Ben Donnell Exclusive: I haven’t played in front of fans for at least a year

Ben Donnell made his return from injury against Newcastle Falcons in their 52-27 loss
©London Irish

With Exeter Chiefs coming to town on Tuesday, it will mark the start of new horizons for London Irish.

Since the club moved to Brentford in late-November, the Exiles have hardly had a chance to welcome their fans to the venue they now call home. 

The only time which the Brentford Community Stadium has hosted Irish supporters thus far was a 21-13 loss against Sale Sharks back in December.

In the months that have followed, fans have watched on from their living rooms as Declan Kidney and Les Kiss have guided the club to sixth in the Premiership table with four games left to play. 

Operating at a limited capacity on Tuesday night, the Exiles faithful will be hoping to see their team in full flight against the current champions. Kidney has not only been getting positive results on the pitch but he has seemingly brought about a new team ethos and a passion for wearing the club’s shirt.

In years gone by, numerous coaches, as well as the fans, have had to stand by as their best players have been poached from right beneath their noses before going on to flourish in the shirts of Bath, Harlequins, Gloucester, England and even the British and Irish Lions. 

Irish have always had one of the country’s best academies with the likes of Anthony Watson, Jonathan Joseph, Joe Cokanasiga, Marland Yarde, Delon Armitage and Guy Armitage all honing their skills at Hazelwood before beginning new chapters in their respective careers.

Since coming in as Director of Rugby, Kidney has maintained that one of his priorities is to make young players want to stay. Looking at the matchday XVs picked by the Irishman, there is a considerable amount of academy graduates present with the flying trio of Ben Loader, Tom Parton and Ollie Hassell-Collins having made plenty of headlines this season with their performances. 

But, there are players even younger than those three getting regular opportunities and Ben Donnell is possibly at the top of that list. The versatile back five forward has made the majority of his Irish appearances under Kidney, but the bulk of those games have come with no fans in the stands.

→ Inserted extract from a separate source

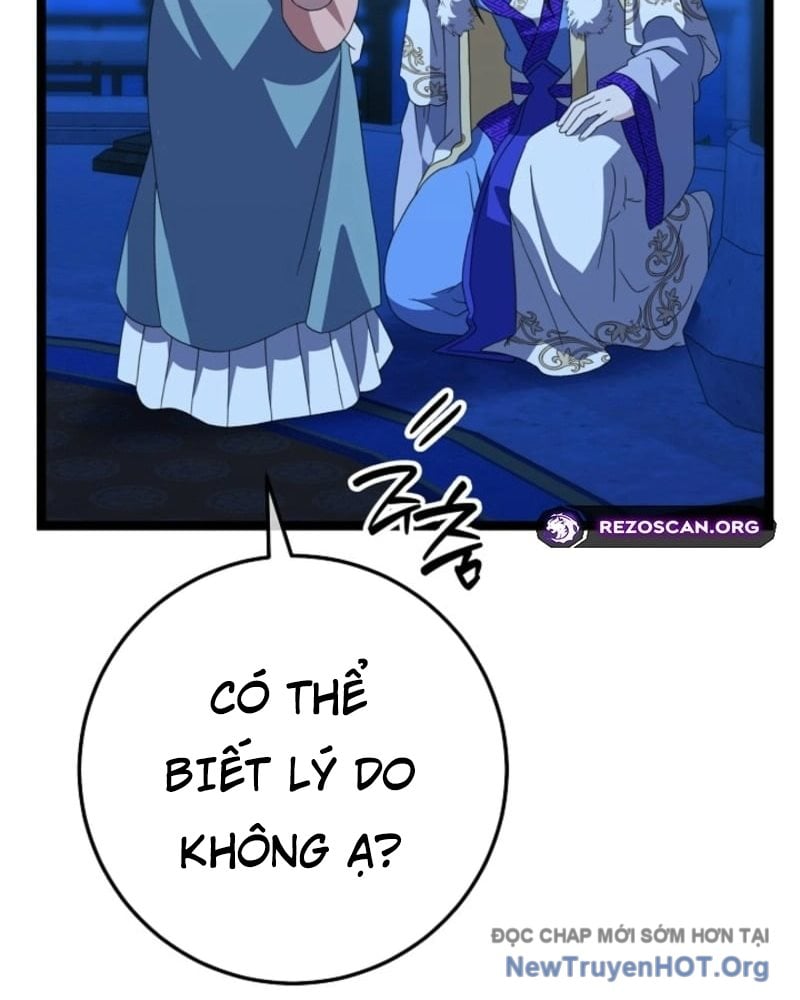 Hồi Sinh Huyết Mạch Nam Cung Chap 14 - Next Chap 15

Having made his return from injury against Newcastle Falcons in the last round, Donnell will have his mother and father watching from the stands on Tuesday as he gets to terms with playing in front of spectators again.

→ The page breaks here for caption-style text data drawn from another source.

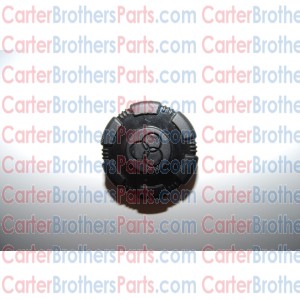 Carter Talon 150 Fuel tank gas cap 540-3011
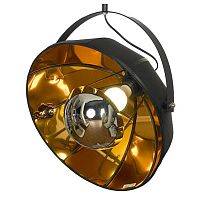 Светильник на штанге Lussole Klamath LSP-0556-C160 в Петровом Вале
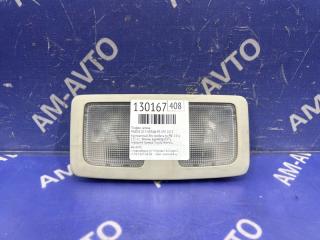 Фото запчасти плафон салона MAZDA CX-5 2013 контрактная запчасть Запчасть плафон салона MAZDA CX-5 2013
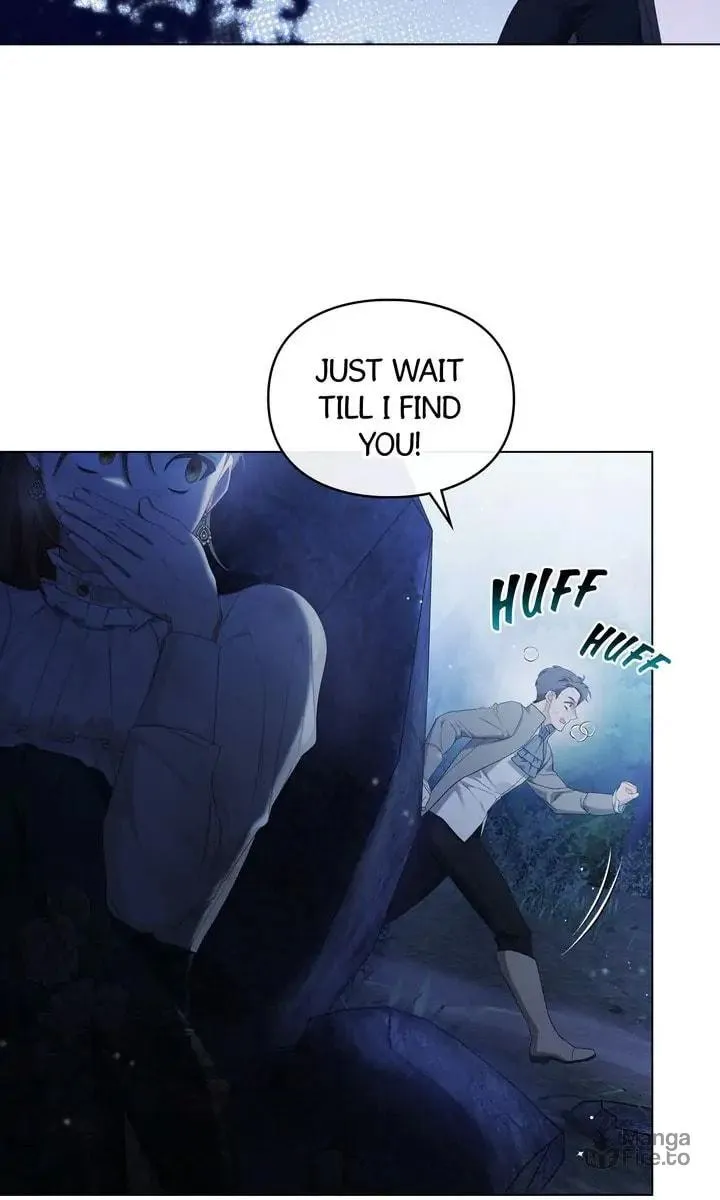 Read Wish Upon a Husband chapter 27 image 32 on Lezhin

“I think it will be exciting,” Donnell said. “Everyone is looking forward to it and for me personally, I have played a lot more games without fans than I actually have with fans, so it will be very exciting to see. 

“I can’t really remember the last time we played with fans. We had that Sale game a while ago, but I was in the stands because I was injured, so I haven’t played in front of fans for at least a year I think.”

One of the realities of the last year of rugby is that plenty of players have blossomed due to the number of games that there have been. Particularly during the sport's restart in August, teams would be playing three matches in the space of seven days and as a result, youth had the opportunity to impress.

Now as fans return, the question is whether or not players will wilt with the extra expectation or if the time spent honing their craft without the added pressures of an instant reaction will allow for individuals to carry on performing at a high standard. 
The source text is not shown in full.